Fun With Percentiles, Part 1

Let’s say you have 100,000 rows in a table that has a Dollars column. If you perform the following…

select *, GroupValue=ntile(100) over (order by Dollars)
from MyTable
… it will split the rows into 100 equal sized subsets (of 1000 rows each) by sorting the rows by Dollars and then assigning a value of 1, 2, 3, … , 100 to the column GroupValue.

But despite the enticing name of the function, NTILE() doesn’t do anything for you as far as calculating percentile values. Percentiles are the 99 data values that mark the boundaries between those 100 subsets. For example, the 80th percentile marks the boundary where 80% of the values lie at or below it and 20% of the values lie at or above it. Perhaps the most “famous” of the percentile values is the 50th percentile, which you may know as the median.

There doesn’t seem to be any standard definition of percentile. Many references will say that the nth percentile has n% of the values at or below it (as I did above), and many will say that it has n% of the values just below it. But that’s kind of nitpicky stuff.
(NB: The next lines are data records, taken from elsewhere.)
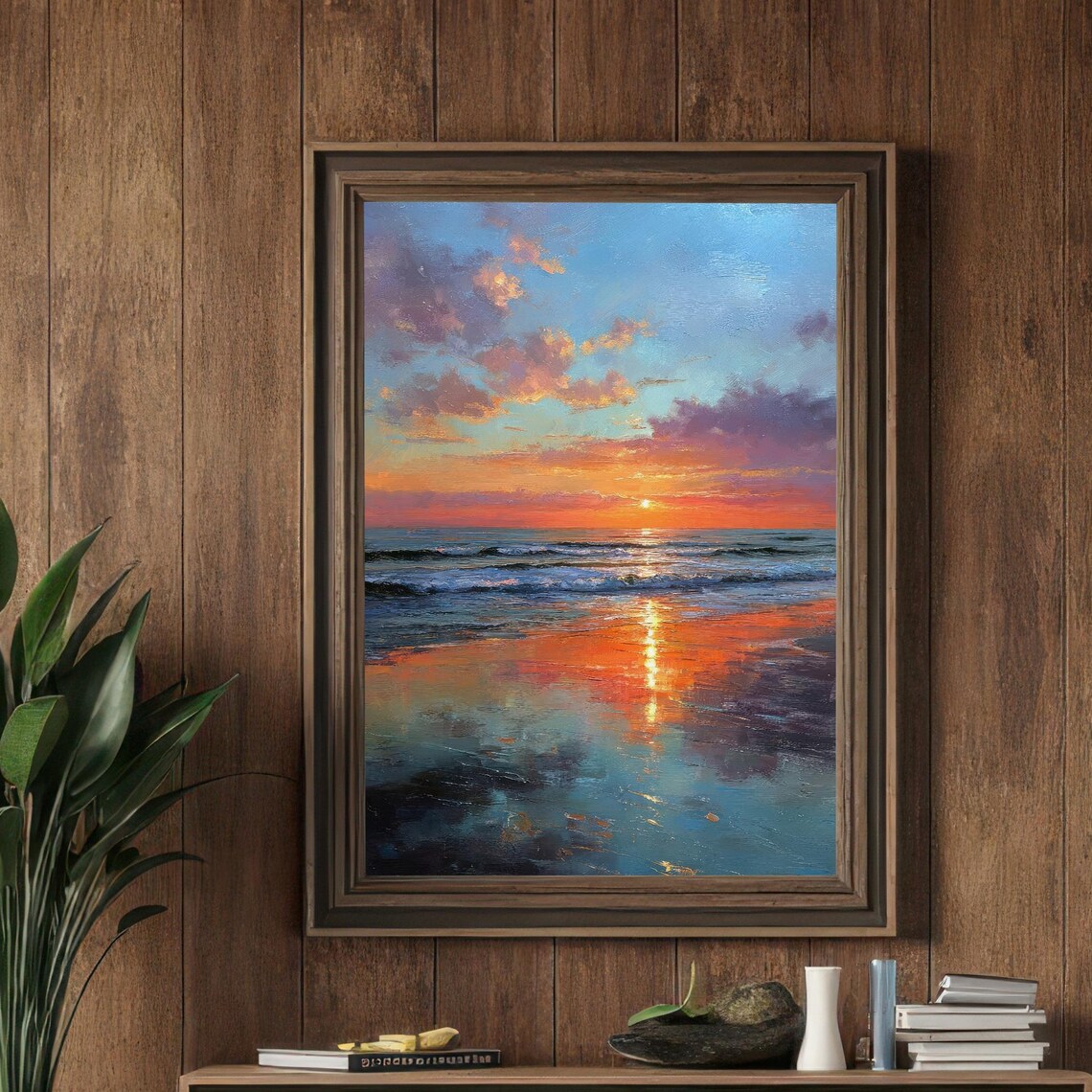 Radiant Beach Sunset Ocean Waves Textured Seascape Oil Painting Poster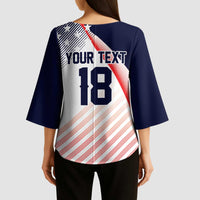 Custom USA Soccer Kimono Sleeve Blouse Play With Pride - Wonder Print Shop
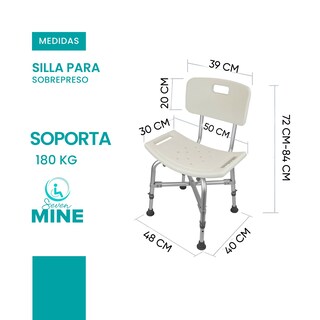 Foto 5 | Foto 5 | Silla De Baño Bariátrica Para Sobrepeso Reforzada| 180kg Capacidad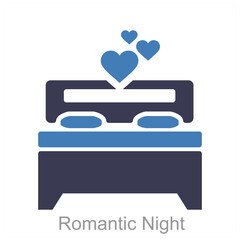 Romantic Night and love icon concept 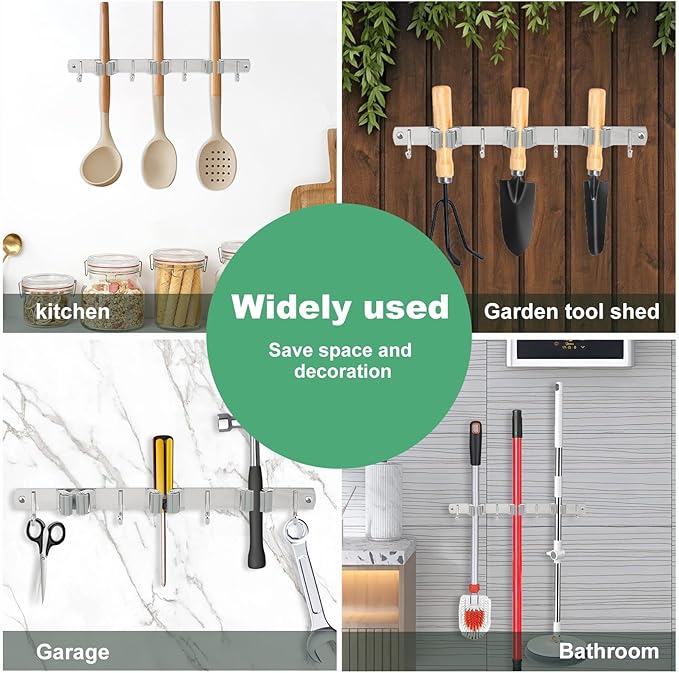 5 Pack Broom Holder Wall Mount 3 Racks 4 Hooks Stainless Steel Broom Mop Holder Anti Slip Storage Rack Strong Load Bearing Waterproof Broom and Mop Organizer Wall Hanging for Bathroom Kitchen Garage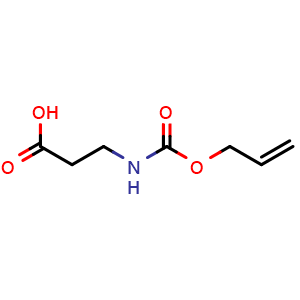 Chemical structure of N-Allyloxycarbonyl-b-alanine , CAS 111695-91-1, AChemBlock W172290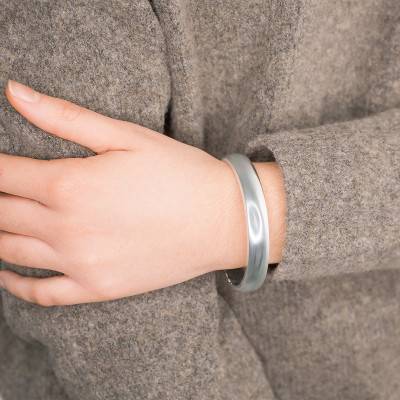 925 Silver Bangle Bracelet, Length 16 cm, Diameter 6 cm, Width 10 mm - Guiot De Bourg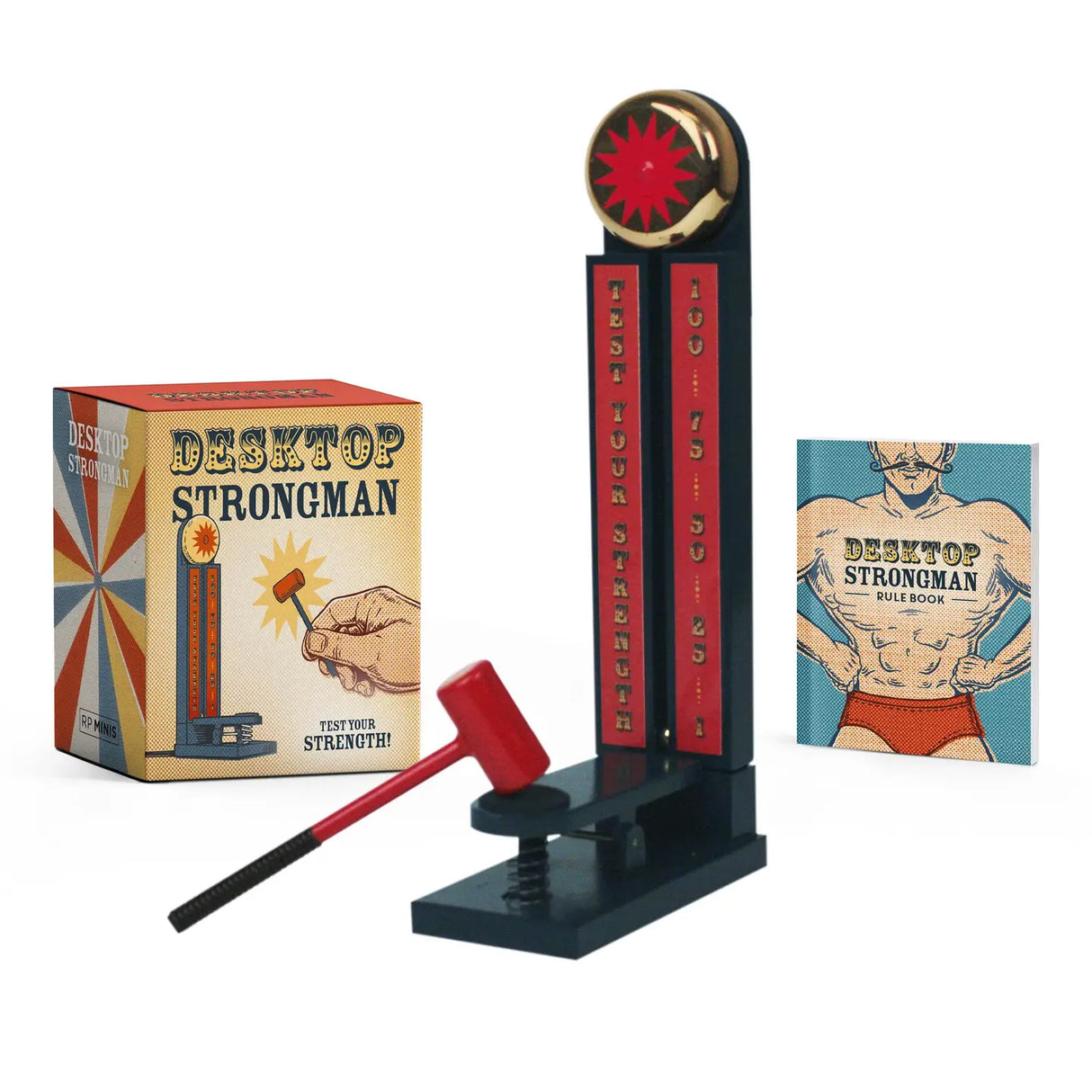 Based off the beloved carnival game, this desktop kit includes everything you need to become a high striker!

Kit includes:

7-1/4" rail and pellet
Bell with sound
Hammer
32-page book with history, techniques, and the rules of the game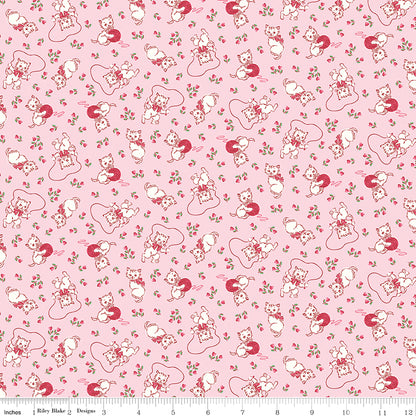 Traditional 30's Kittens Pink Fabric - By the yard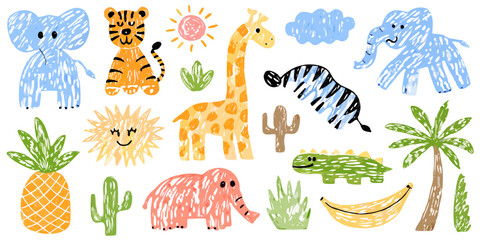 Children s illustration of safari animals and tropical plants watercolor style © AnupKumar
Unfortunately, though, there doesn’t seem to be a standard calculation of a percentile either. For example, let’s say you have a set of 3 numbers {1,5,9}. The 50th percentile is 5, because it’s right there in the middle. But what if you have a set of 4 numbers {1,5,9,20}? There is no number in the middle here, so you have to take the average of the middle two numbers. Therefore, the 50th percentile of this set is (5 + 9) / 2 = 7. That seems straightforward.

But now what’s the value of the 75th percentile? Is it the average of the 3rd and 4th numbers (which would be 14.5)? Or is it something else? This is where the definitions differ. For example, Microsoft Excel would calculate the 75th percentile of that set of 4 numbers to be 11.75.
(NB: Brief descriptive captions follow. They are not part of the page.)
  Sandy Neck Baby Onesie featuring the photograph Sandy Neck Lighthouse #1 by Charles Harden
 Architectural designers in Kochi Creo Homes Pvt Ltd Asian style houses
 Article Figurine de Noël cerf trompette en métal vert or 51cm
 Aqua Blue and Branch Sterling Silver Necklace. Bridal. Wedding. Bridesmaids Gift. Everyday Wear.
For the purposes of this exercise, in order to be consistent across Microsoft products, I’ll use the definition that Microsoft Excel uses.
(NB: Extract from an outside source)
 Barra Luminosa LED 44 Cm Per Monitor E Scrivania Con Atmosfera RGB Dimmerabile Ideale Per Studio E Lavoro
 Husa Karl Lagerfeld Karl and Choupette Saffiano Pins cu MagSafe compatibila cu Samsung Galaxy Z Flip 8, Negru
Excel has a PERCENTILE() function that accepts 2 parameters: an array, and a percentile value which must be in the range of 0 to 1, with 0.75 representing the 75th percentile, for example. Note that you can pass any real number between 0 and 1 to the function… If, for some bizarre reason, you wanted to find out the 56.27th percentile, you can pass 0.5627. The illustration below shows the PERCENTILE() function being used in Excel on our familiar set of 4 numbers.



How does Excel calculate this function? Okay, here goes…

Given a set of N ordered values, {v[1], v[2], ... , v[N]}, the value V of the percentile p (expressed as a decimal) is calculated as follows:

First, calculate an intermediate result:

I = p(N – 1) + 1

That intermediate result is split into an integer component, k, and a decimal component, d, such that k + d = I

Now the value of the percentile can be calculated like so:

V = v[k] + d(v[k+1] – v[k])

Whew! That’s a lot of variables, but it’s easier when you see an example in action. Let's try the 75th percentile of our set of {1,5,9,20}. In this case p is 0.75 and N is 4. So…

I = 0.75(4 – 1) + 1 = 3.25

That splits up into k=3 and d=0.25. So our final answer is:

V = v[3] + 0.25(v[4] – v[3]) = 9 + 0.25(20 – 9) = 11.75

So, let’s translate that whole thing into T-SQL, shall we?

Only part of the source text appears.